Laju Pengakuan Wilayah Adat Masih Lamban
Hingga saat ini, BRWA telah meregistrasi 1.583 wilayah adat dengan luas mencapai 32,3 juta hektare di seluruh Indonesia. Namun, dari total tersebut, pemerintah daerah baru menetapkan 302 wilayah adat dengan luas 5,3 juta hektare. Capaian ini menunjukkan bahwa pengakuan oleh pemerintah daerah masih sangat rendah, hanya sekitar 19,08% dari total wilayah adat yang telah teregistrasi di BRWA.
Kompleksitas persyaratan administratif dan minimnya alokasi dana untuk pengakuan wilayah adat menjadi faktor utama lambannya proses ini.
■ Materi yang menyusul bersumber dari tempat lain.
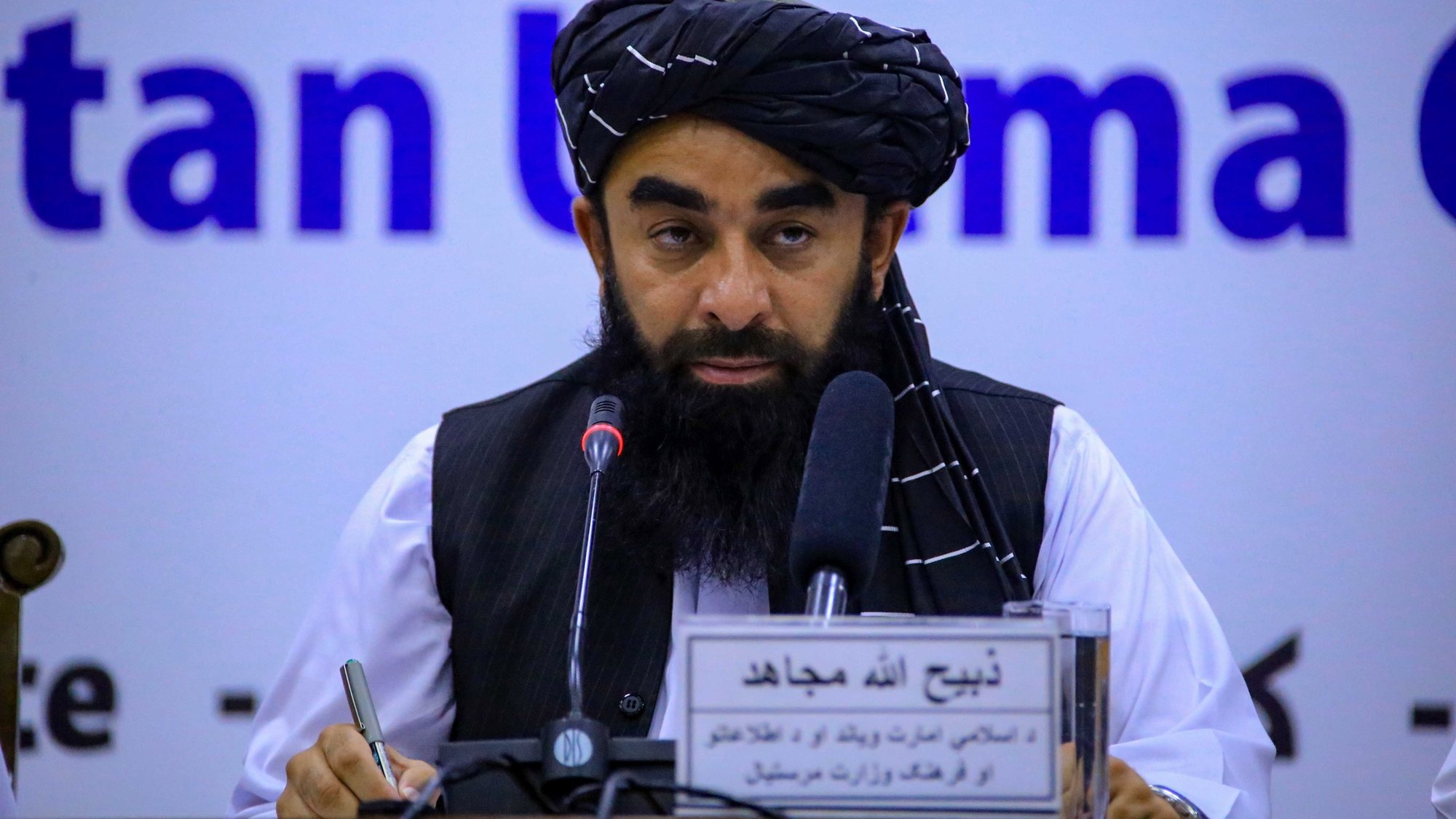 epa10044361 Zabiullah Mujahid, Taliban spokesman talks with journalists as they brief them about Loya Jirga (Grand Assembly), in Kabul, Afghanistan, 30 June 2022. A brief gunfire triggered chaos at a grand assembly of religious scholars from across Afghanistan on 30 June, the first such gathering hosted by the de facto Taliban government since it took over in August 2021. Many Afghans have demanded a more inclusive government with representation of different political, ethnic, and social groups, apart from urging the Taliban to respect the social progress and symbolism developed over the last two decades following the United States&#039; invasion.  EPA/STRINGER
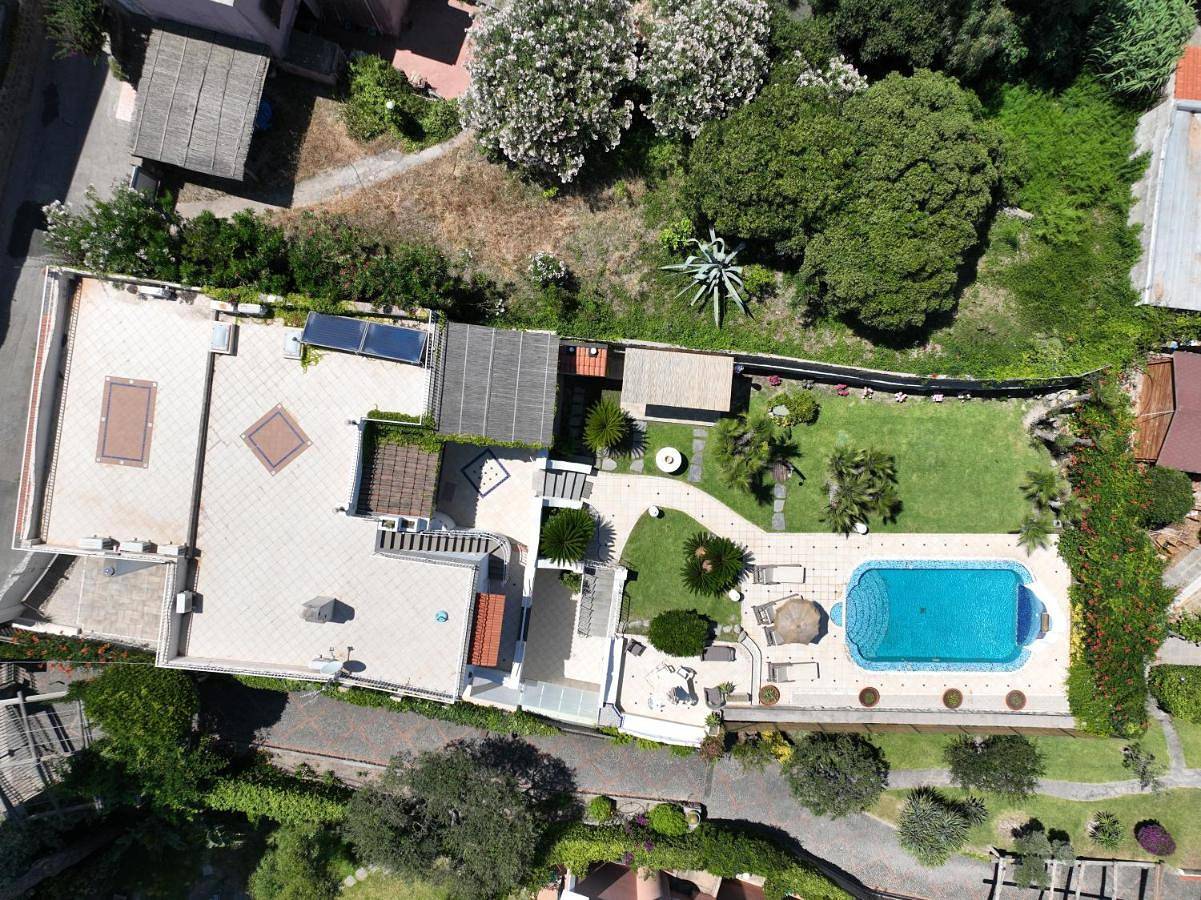 Villa Formica, a due passi dal mare in Chiaia, Forio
Tanpa komitmen nyata dari pemerintah, masyarakat adat terus menghadapi ketidakpastian hukum atas wilayah yang mereka kelola secara turun-temurun.
“Lambat dan sedikitnya pengakuan wilayah adat berimplikasi pada meningkatnya potensi konflik tenurial di wilayah adat. Selain itu, deretan Proyek Strategis Nasional dan perizinan berusaha berbasis lahan yang mengubah bentang alam berpotensi mengancam keanekaragaman hayati, sumber pangan lokal, dan kebudayaan masyarakat adat yang memiliki hubungan erat dengan ruang hidupnya di darat, pesisir, dan laut,” ungkap Kasmita Widodo, Kepala BRWA.
Hutan Adat: Pekerjaan Rumah Besar Kementerian Kehutanan
Selain pengakuan wilayah adat oleh pemerintah daerah, penetapan hutan adat juga masih jauh dari harapan. Putusan Mahkamah Konstitusi No. 35/PUU-X/2012 (MK-35) telah menegaskan bahwa hutan adat bukan lagi bagian dari kawasan hutan negara, melainkan bagian dari hak masyarakat adat. Namun, hingga saat ini, Kementerian Kehutanan baru menetapkan 156 wilayah adat dengan luas 322.505 hektare sebagai hutan adat. Padahal, berdasarkan data BRWA, potensi hutan adat yang dapat ditetapkan mencapai 24,5 juta hektare.
Kesenjangan ini mencerminkan masih besarnya pekerjaan rumah pemerintah dalam menjalankan mandat MK-35. Diperlukan langkah strategis yang lebih konkret dan keberpihakan politik yang lebih kuat untuk mempercepat pengakuan dan perlindungan hutan adat.
Kondisi Terkini RUU Masyarakat Adat
Selain lambannya pengakuan wilayah dan hutan adat, legislasi yang menjamin hak-hak masyarakat adat juga masih mengalami stagnasi. Rancangan Undang-Undang (RUU) Masyarakat Adat yang telah diperjuangkan selama lebih dari satu dekade belum kunjung disahkan. Padahal, RUU ini menjadi landasan penting bagi perlindungan hak-hak masyarakat adat, termasuk kepastian hukum atas wilayah adat yang mereka tempati.
Hingga saat ini, proses legislasi RUU Masyarakat Adat masih terhambat di parlemen dengan berbagai dinamika politik dan tarik ulur kepentingan. Tahun 2025 adalah momen yang paling tepat bagi DPR RI dan pemerintah untuk menjadikan RUU Masyarakat Adat sebagai undang-undang.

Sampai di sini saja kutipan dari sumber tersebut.